In the previous blog, we saw that parallel index scans leads to significantly improves the performance of quite a few TPC-H queries. It is customary to analyze if its sister operator, namely index-only scan will benefit similarly when parallelized.
Before getting into that, we will briefly discuss the utility of an index-only scan. In PostgreSQL, indexes are stored at a different location than the tables. For a regular index scan on a table, first the index created on that table is scanned to find the relevant leaf nodes and then the table is scanned for those locations only. Now, if there is some query in which we need only the values of columns which have an index, then we can scan the index tree only and return the required data, since there is nothing extra that we need to retrieve from that table, that type of scan is called index-only scans. To be precise, index-only scans are a special type of access method which uses index alone and does not require to fetch data from the heap.
For example, an index-only scan is likely to show a performance improvement over a regular index scan for the query such as, SELECT count(*) FROM countries WHERE country_area <= <some value>. Assuming we have an index on the column country_area. Here, we can get the tuple information lesser than the required country area by index alone, hence, saving the I/O time to read the tables.
The design and implementation of parallel index-only scan is heavily dependent on the machinery developed for scanning B-tree in parallel. There are no new GUC parameters or configuration settings required for this scan.

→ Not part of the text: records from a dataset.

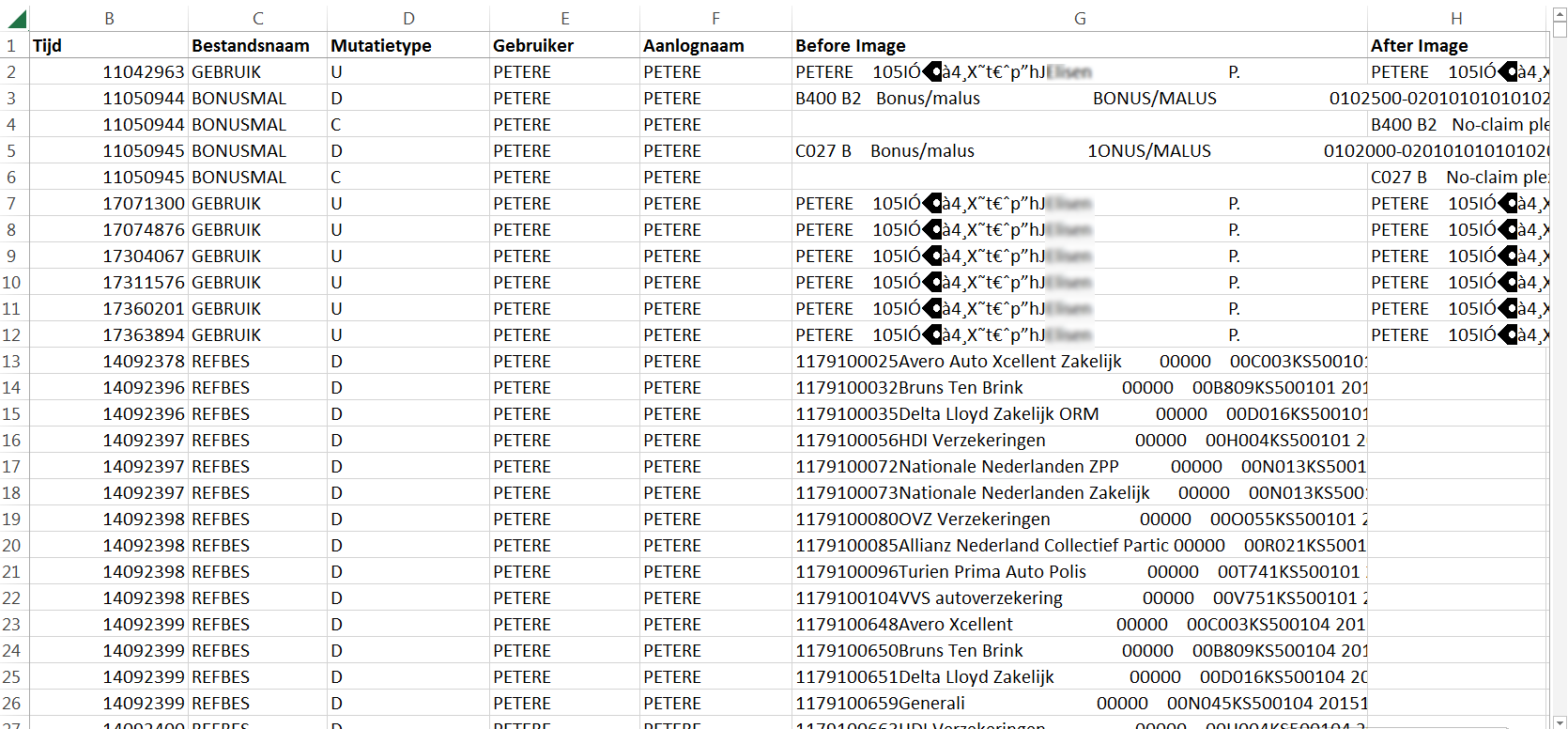 BLC_export logging voorbeeld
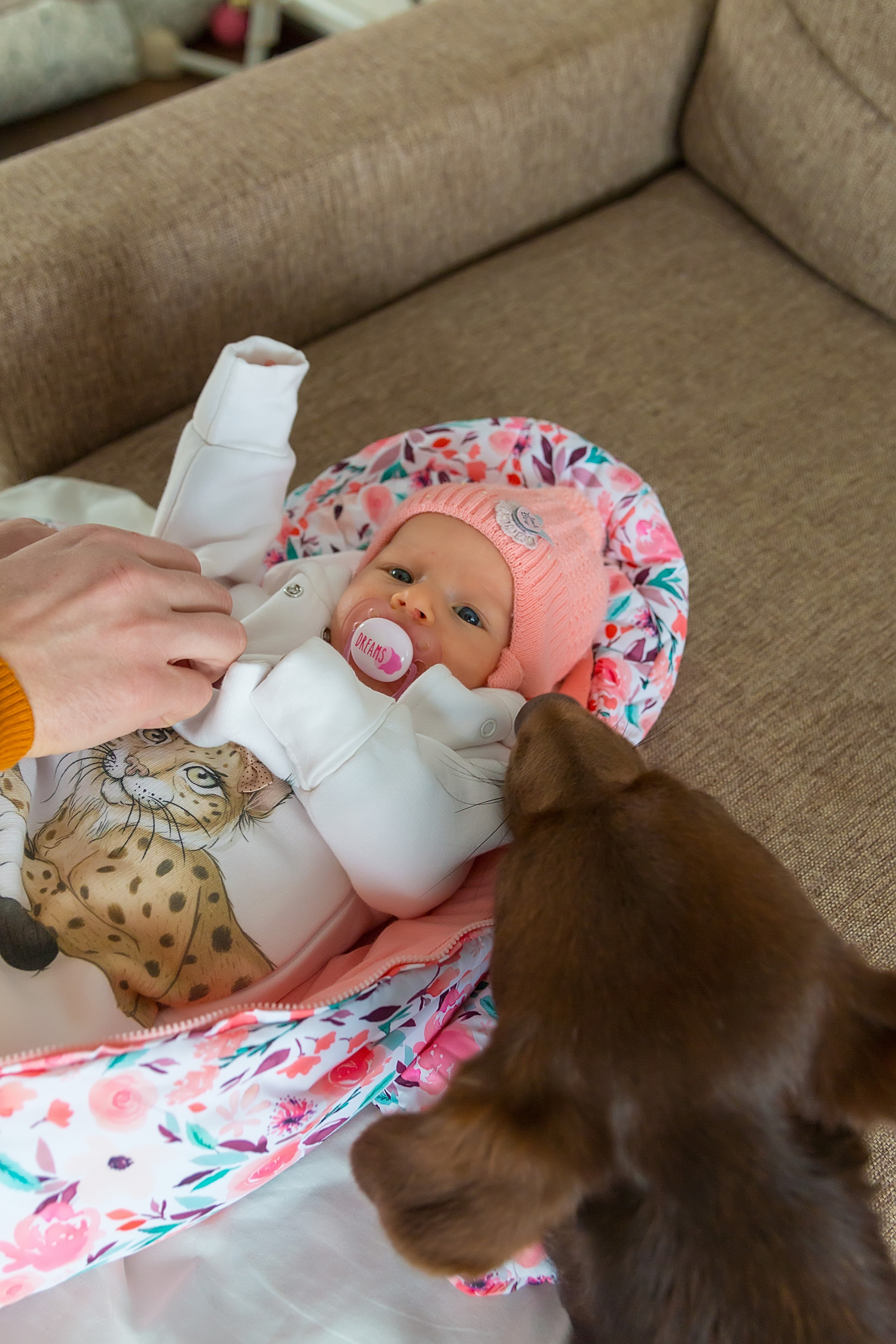 Маленькая Дашенька. Семейный и детский фотограф в Москве Екатерина Лебедева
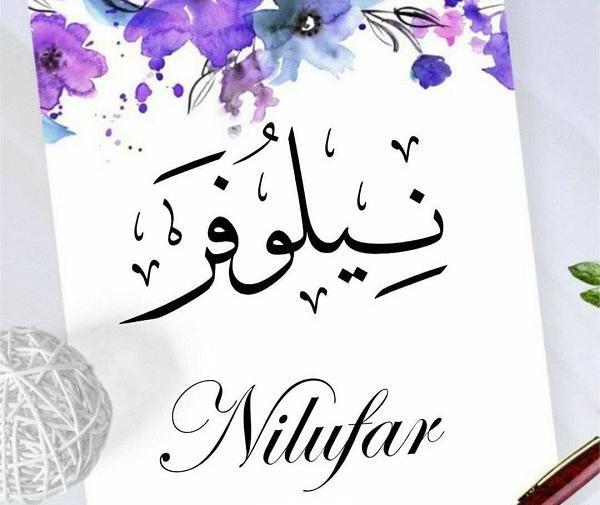 عکس نوشته اسم نیلوفر برای پروفایل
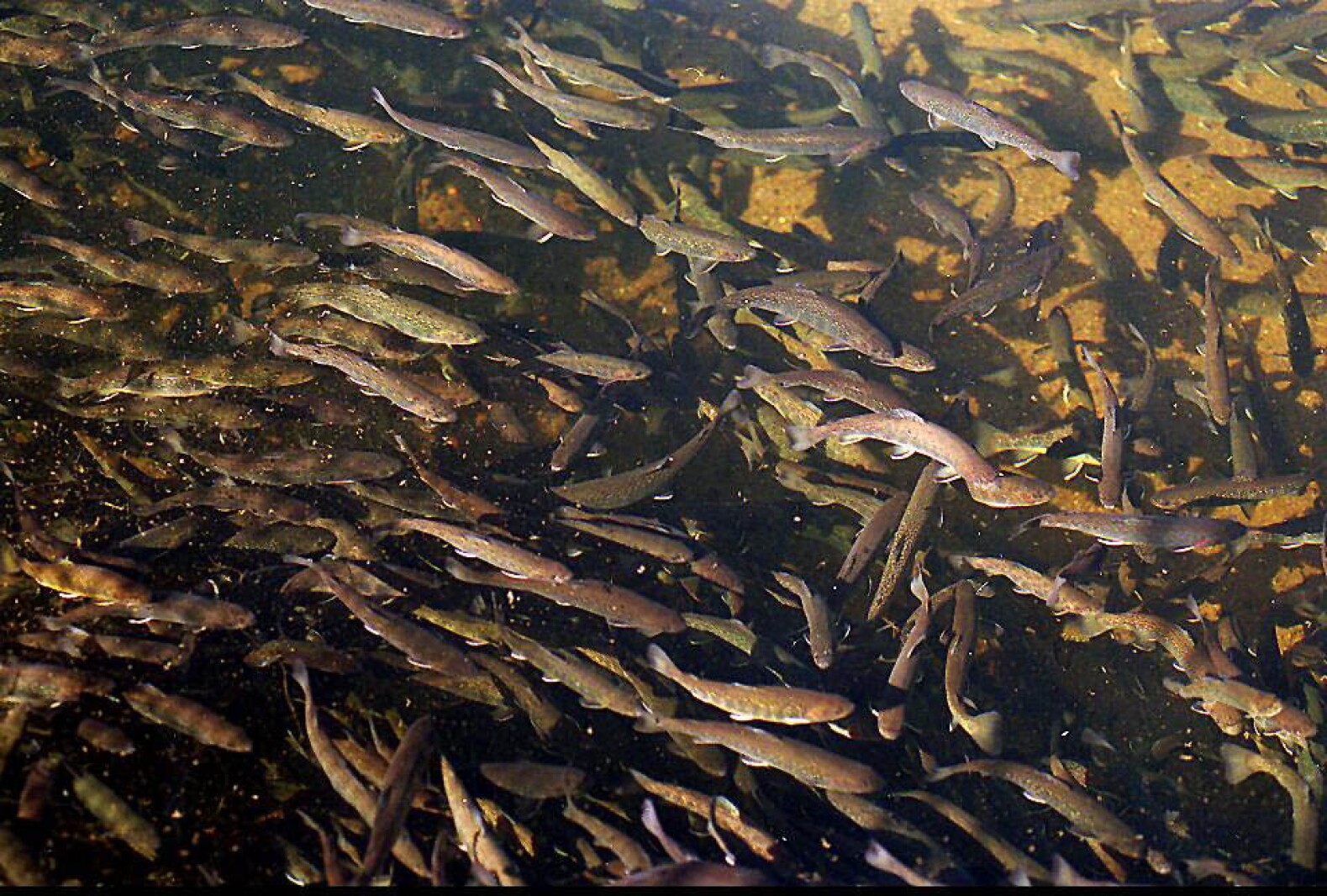 Bygones: Brule Fish Hatchery construction process started 100 years ago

Performance of parallel index-only scan
For the industry strength benchmark TPC-H on 300 scale factor, the performance of Q13 is improved by almost 5x with the usage of parallel index-only scan. For this experiment, we used TPC-H inspired benchmark for PostgreSQL. We used 300 scale factor, which gives 300+ GB of database, depending on the available indexes, etc. Additional indexes we created were on columns (l_shipmode, l_shipdate, o_orderdate, o_comment). We tuned the following parameters,
random_page_cost = 0.1 seq_page_cost = 0.1 effective_cache_size = 10GB shared_buffers = 10GB work_mem = 1GB Q13 Query plan on v9.6 ———————————— Limit -> Sort Sort Key: (count(*)) DESC, (count(orders.o_orderkey)) DESC -> HashAggregate Group Key: count(orders.o_orderkey) -> GroupAggregate Group Key: customer.c_custkey -> Merge Left Join Merge Cond: (customer.c_custkey = orders.o_custkey) -> Index Only Scan using customer_pkey on customer -> Index Scan using idx_orders_custkey on orders Execution time: 4146177.735 ms Q13 Query plan on v10 ———————————— Limit -> Sort -> HashAggregate Group Key: count(orders.o_orderkey) -> Finalize GroupAggregate Group Key: customer.c_custkey -> Gather Merge -> Partial GroupAggregate Group Key: customer.c_custkey -> Sort -> Parallel Hash Left Join Hash Cond: (customer.c_custkey = orders.o_custkey) -> Parallel Index Only Scan using customer_pkey on customer -> Parallel Hash -> Parallel Seq Scan on orders Execution Time: 739088.785 ms
We can see that the query involved aggregations and join over the primary key of customer table. When parallel index-only scan is used, both the aggregations as well as the join could be performed in parallel, hence improving the query performance.
I would like to close this discussion with a thank you note to my colleague Amit Kapila who helped and supported me in the due course of this project. Additionally, I would like to thank my employer EnterpriseDB for bestowing me with such an opportunity.